[SUPPLIED INFORMATION]
┌────────
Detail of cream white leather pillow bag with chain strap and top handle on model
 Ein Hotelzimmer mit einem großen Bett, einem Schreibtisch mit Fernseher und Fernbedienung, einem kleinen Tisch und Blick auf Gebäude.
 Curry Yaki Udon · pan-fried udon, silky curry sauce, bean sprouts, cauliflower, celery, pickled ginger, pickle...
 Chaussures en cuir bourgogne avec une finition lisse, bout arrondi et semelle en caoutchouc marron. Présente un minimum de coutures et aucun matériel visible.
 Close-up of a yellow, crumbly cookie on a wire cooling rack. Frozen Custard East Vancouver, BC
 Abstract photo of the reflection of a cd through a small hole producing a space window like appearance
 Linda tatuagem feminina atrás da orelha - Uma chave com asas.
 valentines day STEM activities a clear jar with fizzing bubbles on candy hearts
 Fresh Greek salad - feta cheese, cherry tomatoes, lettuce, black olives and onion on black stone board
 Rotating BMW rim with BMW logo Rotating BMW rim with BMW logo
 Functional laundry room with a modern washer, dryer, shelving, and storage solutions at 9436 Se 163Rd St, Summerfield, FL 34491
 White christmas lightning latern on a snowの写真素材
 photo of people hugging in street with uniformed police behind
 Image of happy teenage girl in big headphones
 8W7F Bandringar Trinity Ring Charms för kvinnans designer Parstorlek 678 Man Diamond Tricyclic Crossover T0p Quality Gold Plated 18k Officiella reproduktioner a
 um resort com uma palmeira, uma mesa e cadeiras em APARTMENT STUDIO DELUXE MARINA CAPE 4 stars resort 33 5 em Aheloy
└────────
[WHAT NEEDS TO BE DONE] Reproduce the entries exactly, each one as given.

[EXERCISE RESPONSE]
Detail of cream white leather pillow bag with chain strap and top handle on model
 Ein Hotelzimmer mit einem großen Bett, einem Schreibtisch mit Fernseher und Fernbedienung, einem kleinen Tisch und Blick auf Gebäude.
 Curry Yaki Udon · pan-fried udon, silky curry sauce, bean sprouts, cauliflower, celery, pickled ginger, pickle...
 Chaussures en cuir bourgogne avec une finition lisse, bout arrondi et semelle en caoutchouc marron. Présente un minimum de coutures et aucun matériel visible.
 Close-up of a yellow, crumbly cookie on a wire cooling rack. Frozen Custard East Vancouver, BC
 Abstract photo of the reflection of a cd through a small hole producing a space window like appearance
 Linda tatuagem feminina atrás da orelha - Uma chave com asas.
 valentines day STEM activities a clear jar with fizzing bubbles on candy hearts
 Fresh Greek salad - feta cheese, cherry tomatoes, lettuce, black olives and onion on black stone board
 Rotating BMW rim with BMW logo Rotating BMW rim with BMW logo
 Functional laundry room with a modern washer, dryer, shelving, and storage solutions at 9436 Se 163Rd St, Summerfield, FL 34491
 White christmas lightning latern on a snowの写真素材
 photo of people hugging in street with uniformed police behind
 Image of happy teenage girl in big headphones
 8W7F Bandringar Trinity Ring Charms för kvinnans designer Parstorlek 678 Man Diamond Tricyclic Crossover T0p Quality Gold Plated 18k Officiella reproduktioner a
 um resort com uma palmeira, uma mesa e cadeiras em APARTMENT STUDIO DELUXE MARINA CAPE 4 stars resort 33 5 em Aheloy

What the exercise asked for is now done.